Automate your workflow with Nanonets
schedule a demo Get Started

Download the expert's guide to document automation for unstructured data extraction

Download Buyer's Guide to AP Automation

Data is the lifeline of all online businesses and the way we interact.

Every day, we create roughly 2.5 quintillion bytes of data. That’s a lot. But what is surprising is that 90% of that data is unstructured.

It does not have any particular structure. So in order to make sense of the data, we really need to understand how to deal with unstructured data.

Let’s deep dive into unstructured data without further ado.


What is Unstructured Data?

Everything in this digital world is composed of data. Data can be of two formats, either it can follow a proper structure or it would not.

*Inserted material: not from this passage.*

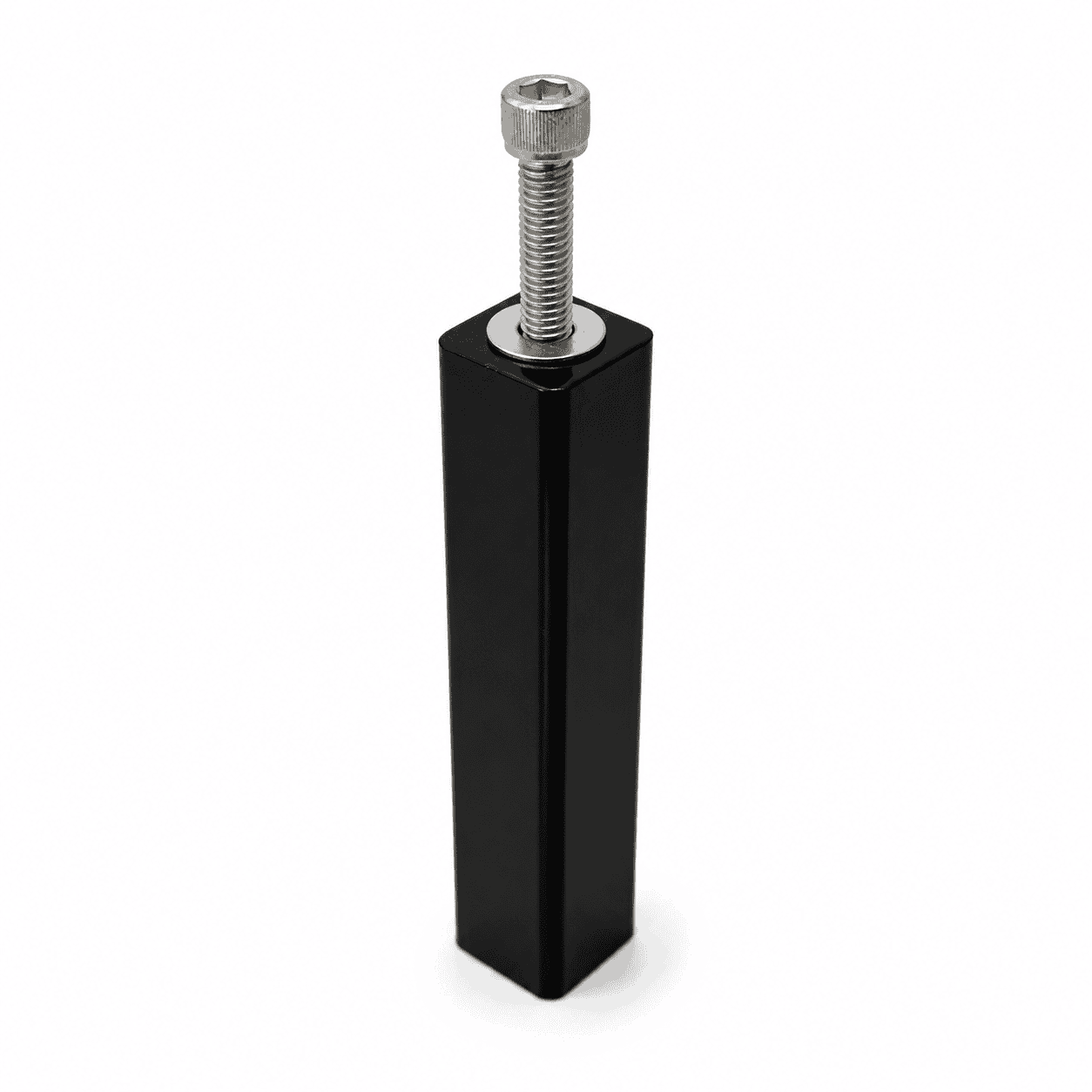 Black powder-coated steel T-connector for Alumission aluminum posts with stainless steel bolt and washer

Any information that is not arranged into any sequence or scheme or any specific structure that makes it easy to read for others is called unstructured data. Unstructured data has no structure or format to make it easily recognizable. Unstructured data is highly text-based like data, facts open-ended survey responses but it also can be nontextual like images, audio, or video.

There was a time when everything was composed of unstructured data and it is the major reason that in past, data was stored in the form of bulk mass. In the modern era, the trend of saving data into paper files and bulk masses has gone, now there is modern software that takes the information and extracts data from this information. There are many examples of unstructured data, all the information in the form of texts and multimedia information, and bulk mass files are an example of unstructured data.

Structured data is crucial but given the amount of unstructured data, it makes sense for brands to collate their efforts to understand and derive insights from unstructured data.

Read more: How to extract data from PDF?

What are the examples of unstructured data?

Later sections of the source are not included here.